Specifically, Senator Wiener’s bill will do the following:
- Regulate business practices to require net neutrality
- Condition state contracts on adhering to net neutrality
- Require net neutrality as part of cable franchise agreements, as a condition to using the public right-of-way for internet infrastructure
- Condition the right to attach small cell or other broadband wireless communications to utility poles on adherence to net neutrality
In February 2015, the FCC created a net neutrality order that reclassified fixed and mobile internet providers as common carriers under Title II of the Communications Act. That order prevented discrimination among web sites or services by Internet Service Providers (ISPs) - blocking websites or creating a slow lane and a fast lane. On December 14, the FCC eliminated this order and thus gave ISPs the authority to manipulate internet traffic in their networks, including blocking access or slowing down traffic to specific sites. The FCC’s action included a provision - which is likely unenforceable - to attempt to preempt states from regulating network neutrality and broadband privacy.
"The Internet belongs to the people, not to big corporations trying to squeeze every last penny out of consumers," said Eddie Kurtz, Executive Director of the California based Courage Campaign. "Losing the open Internet would be a tremendous loss of human potential, and Courage Campaign enthusiastically stands behind Senator Wiener’s efforts to protect it in one of the nation’s hubs of innovation."
Currently California does not have its own regulations on net neutrality – we have deferred to the federal rules. Senator Wiener’s legislation will establish net neutrality regulations in California. Although the FCC included in its order a purported preemption of state net neutrality rules, the FCC likely does not have the power to preempt state action on this issue, per a 2006 federal court of appeals ruling in a different broadband context. Senator Wiener previously announced his intention to introduce net neutrality regulations in December, on the day the FCC repealed net neutrality. At that time, he was joined in this effort by the Electronic Frontier Foundation, CALPIRG, and the American Civil Liberties Union, who stated the following:
“The FCC’s complete abandonment of its responsibilities to protect the free and open Internet will go down as one of the biggest mistakes in Internet policy history,” said Ernesto Falcon, Legislative Counsel for the Electronic Frontier Foundation. “In light of the complete absence of federal protections, we absolutely must have state laws fill the void on both privacy and network neutrality.”
“ISPs shouldn't be able to pick winners and losers online, or give their own services an unfair advantage over their competitors,” said Emily Rusch, Executive Director of CALPIRG. “If Congress won't protect net neutrality nationwide, then California should use its considerable influence to protect its own residents.”

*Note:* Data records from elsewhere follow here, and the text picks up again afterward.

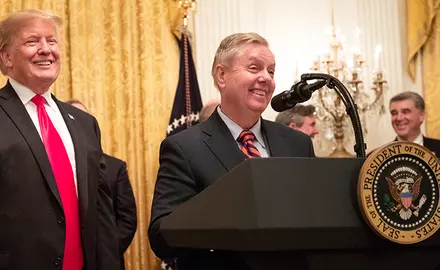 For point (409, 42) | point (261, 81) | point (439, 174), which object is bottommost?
point (439, 174)

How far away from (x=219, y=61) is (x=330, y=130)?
449 centimetres

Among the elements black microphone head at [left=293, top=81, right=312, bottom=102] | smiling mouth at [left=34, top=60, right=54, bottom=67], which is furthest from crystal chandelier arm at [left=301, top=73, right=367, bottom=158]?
smiling mouth at [left=34, top=60, right=54, bottom=67]

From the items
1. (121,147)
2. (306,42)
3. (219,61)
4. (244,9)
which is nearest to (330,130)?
(306,42)

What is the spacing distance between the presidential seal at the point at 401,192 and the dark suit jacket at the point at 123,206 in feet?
10.8

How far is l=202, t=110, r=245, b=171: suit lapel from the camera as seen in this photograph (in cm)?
226

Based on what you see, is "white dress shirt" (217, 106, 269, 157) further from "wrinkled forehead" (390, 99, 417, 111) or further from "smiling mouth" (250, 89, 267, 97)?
"wrinkled forehead" (390, 99, 417, 111)

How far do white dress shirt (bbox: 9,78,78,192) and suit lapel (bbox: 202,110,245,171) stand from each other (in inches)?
22.9

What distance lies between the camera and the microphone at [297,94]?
6.20ft

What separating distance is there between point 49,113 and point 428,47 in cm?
537

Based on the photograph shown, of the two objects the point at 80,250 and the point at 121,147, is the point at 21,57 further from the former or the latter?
the point at 121,147

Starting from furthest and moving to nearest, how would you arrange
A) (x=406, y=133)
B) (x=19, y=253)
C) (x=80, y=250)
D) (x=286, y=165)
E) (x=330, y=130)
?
(x=330, y=130) < (x=406, y=133) < (x=80, y=250) < (x=19, y=253) < (x=286, y=165)

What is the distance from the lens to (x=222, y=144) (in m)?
2.32

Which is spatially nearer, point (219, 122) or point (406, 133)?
point (219, 122)

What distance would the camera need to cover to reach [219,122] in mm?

“As the epicenter of technological innovation, California has a special responsibility to ensure that the internet remains free and open” said Nicole Ozer, Technology and Civil Liberties Policy Director for the ACLU of California. “Now, more than ever, Californians expect their policymakers and technology leaders to protect access to the internet, information, and the truth. The future of a free and open internet – and our democracy – depends on it.”